### WHAT TO DO
Beginning with the line that holds "18 Biddlecum Road, Schroeppel, NY 13132" and ending with the last line below, please copy every line exactly, add nothing, and leave out the pictures.

### THE DATA
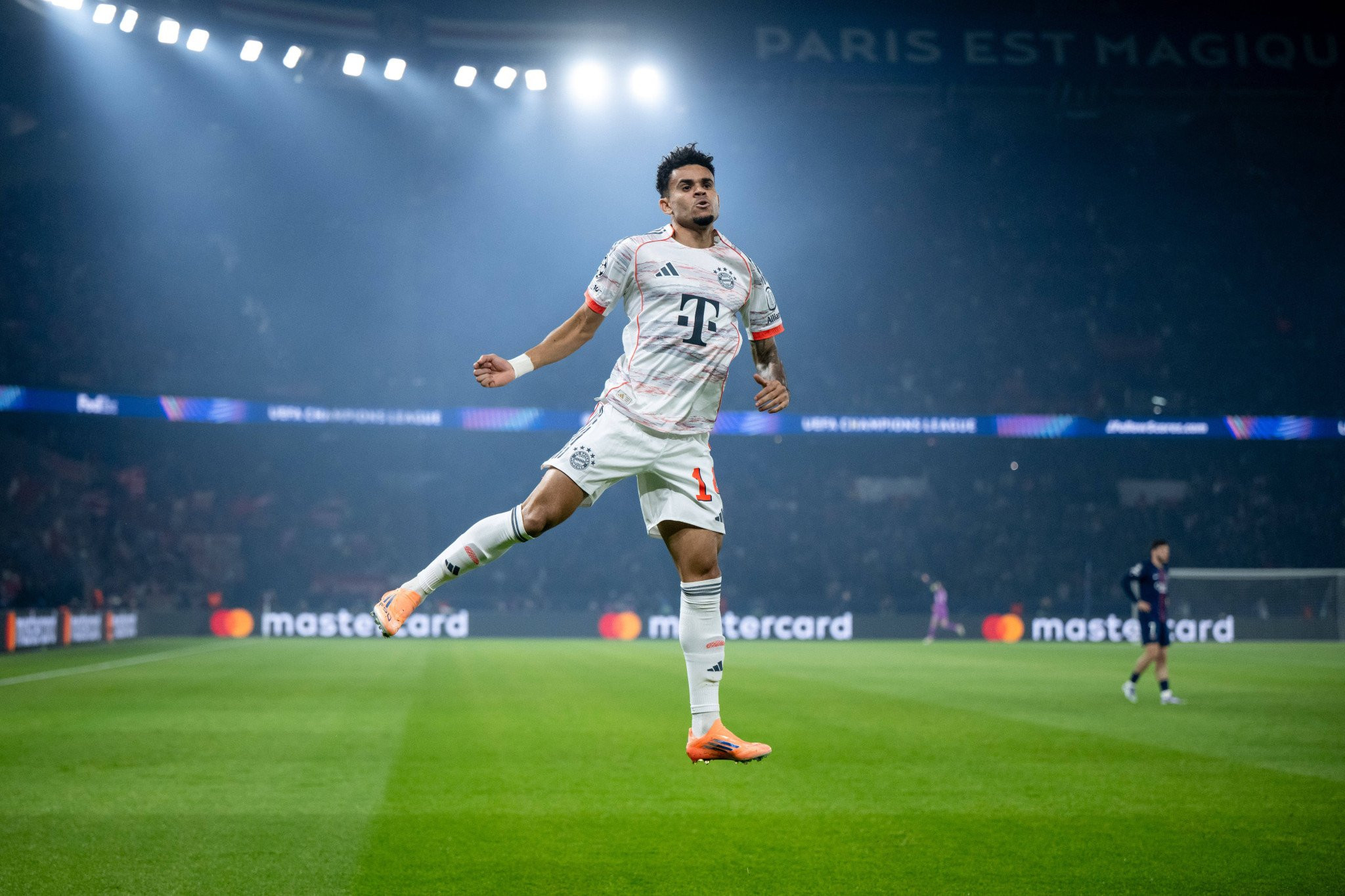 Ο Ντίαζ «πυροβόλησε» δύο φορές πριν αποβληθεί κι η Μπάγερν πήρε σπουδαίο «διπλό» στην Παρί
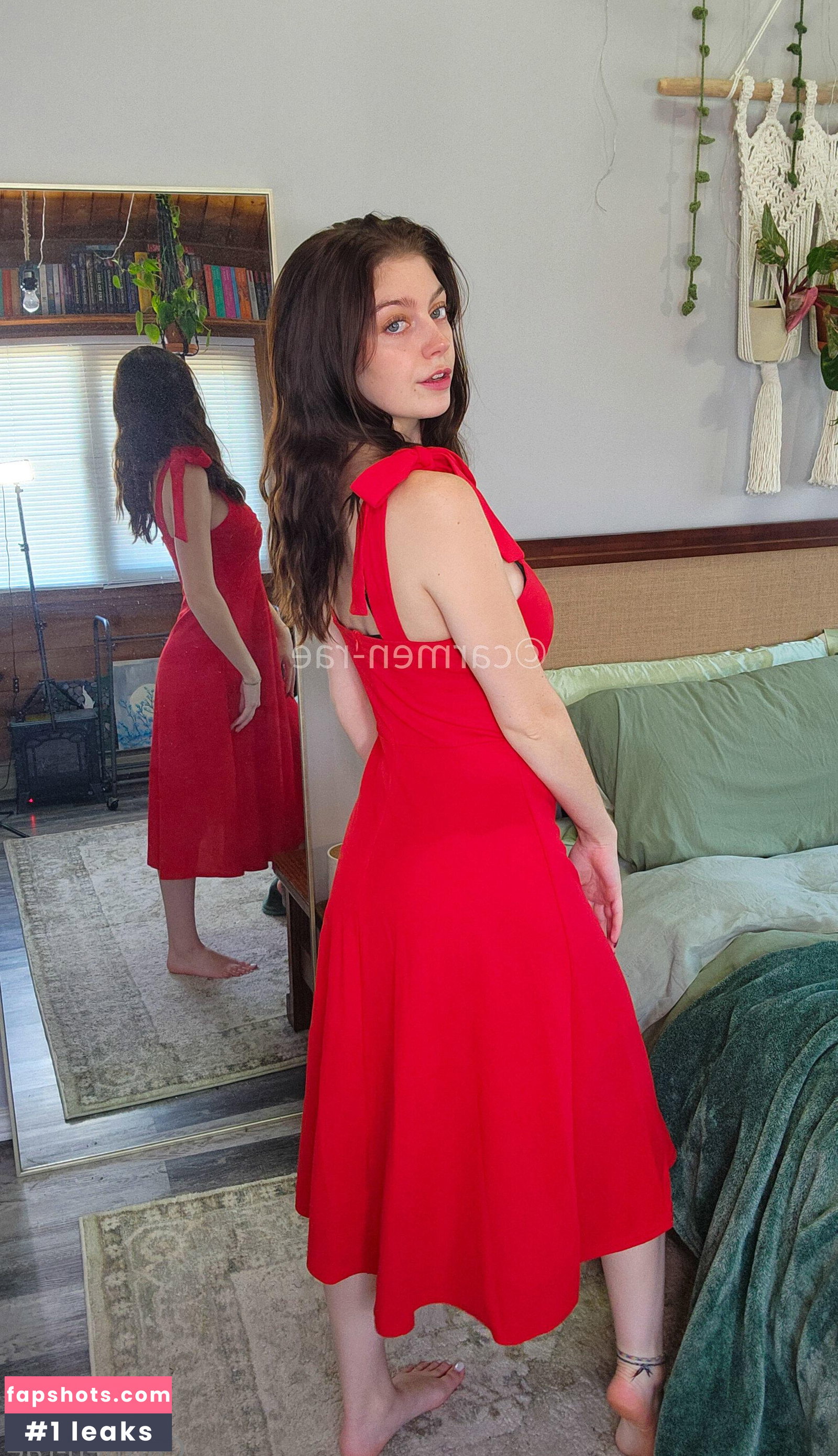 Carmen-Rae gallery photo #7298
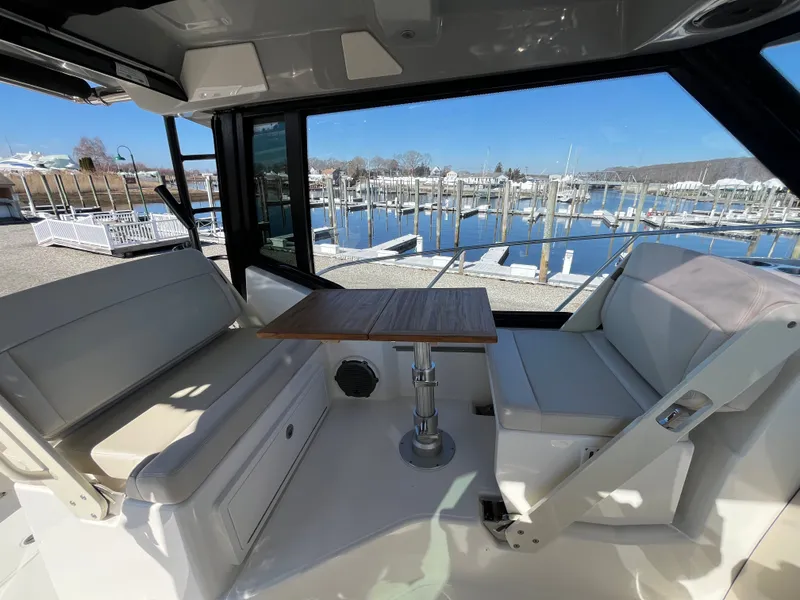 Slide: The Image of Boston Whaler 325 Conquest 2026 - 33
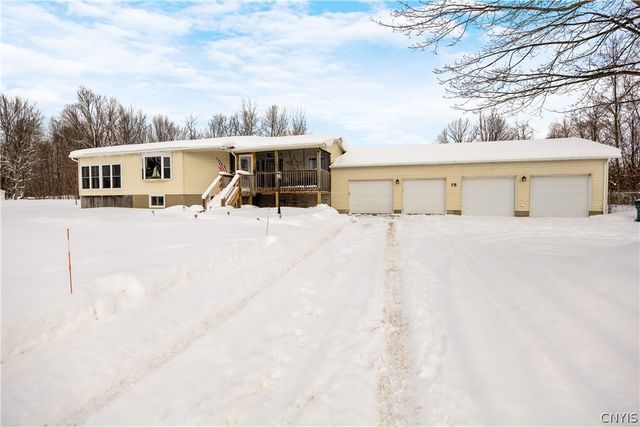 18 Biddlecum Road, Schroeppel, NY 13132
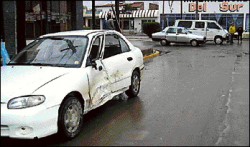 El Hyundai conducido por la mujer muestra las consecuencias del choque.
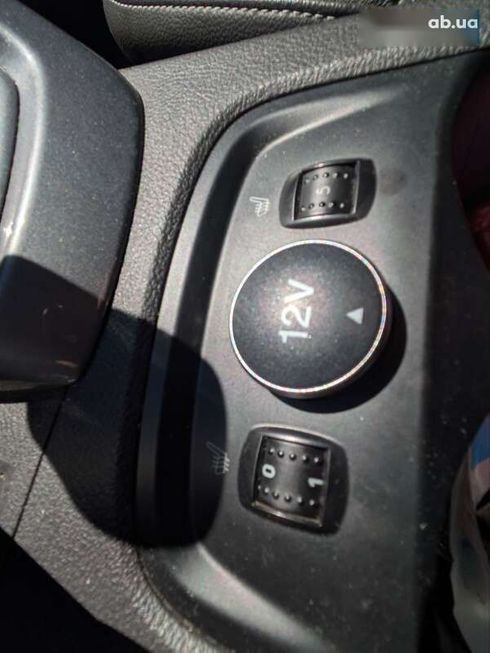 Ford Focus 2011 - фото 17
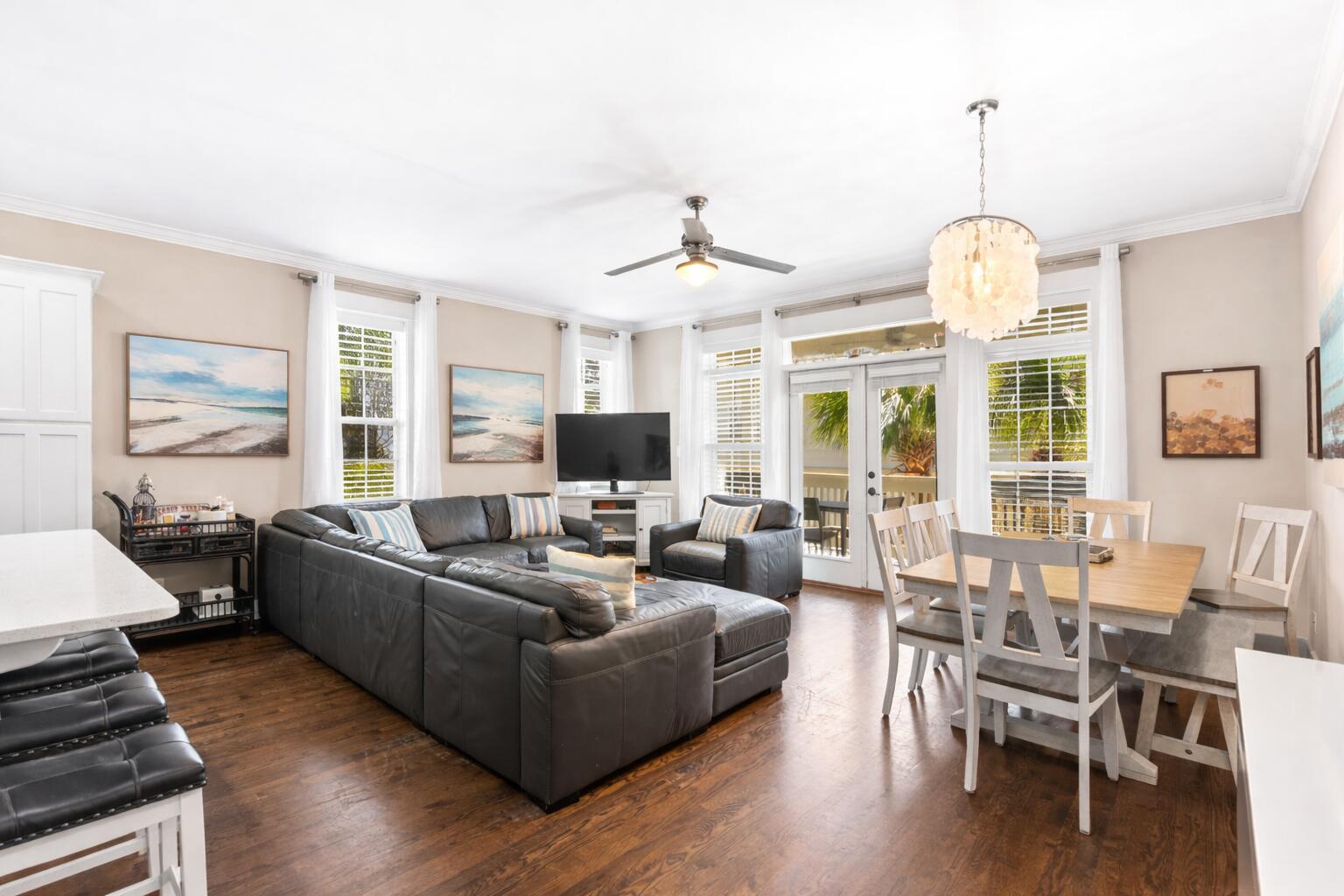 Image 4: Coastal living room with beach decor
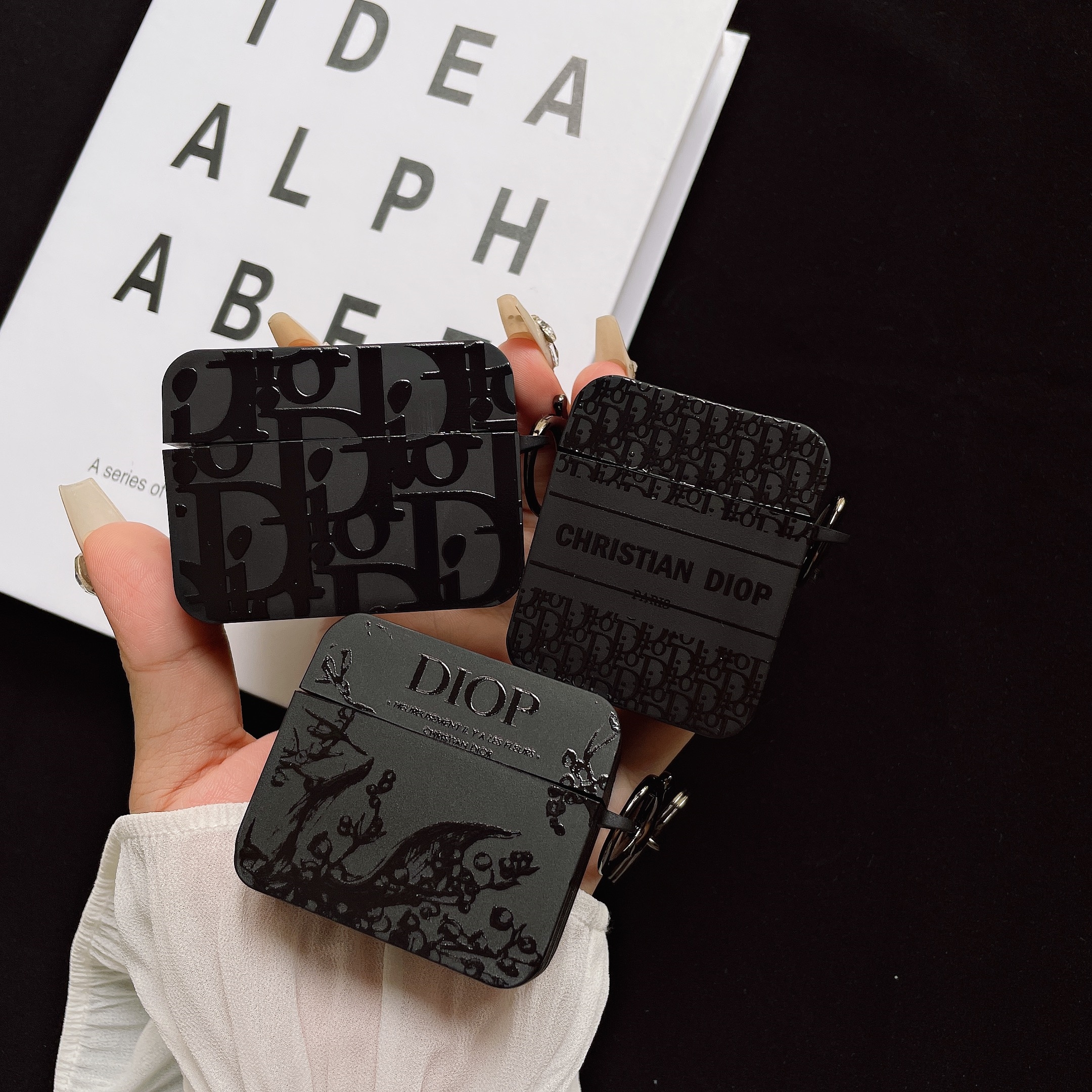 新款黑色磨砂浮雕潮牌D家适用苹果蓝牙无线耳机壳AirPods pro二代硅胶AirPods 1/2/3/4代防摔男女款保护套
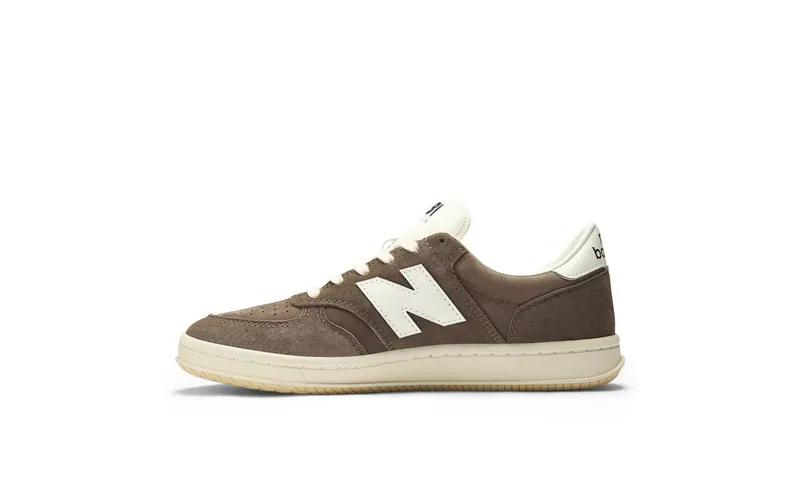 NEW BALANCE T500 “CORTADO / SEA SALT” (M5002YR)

### FINISHED EXERCISE
 18 Biddlecum Road, Schroeppel, NY 13132
 El Hyundai conducido por la mujer muestra las consecuencias del choque.
 Ford Focus 2011 - фото 17
 Image 4: Coastal living room with beach decor
 新款黑色磨砂浮雕潮牌D家适用苹果蓝牙无线耳机壳AirPods pro二代硅胶AirPods 1/2/3/4代防摔男女款保护套
 NEW BALANCE T500 “CORTADO / SEA SALT” (M5002YR)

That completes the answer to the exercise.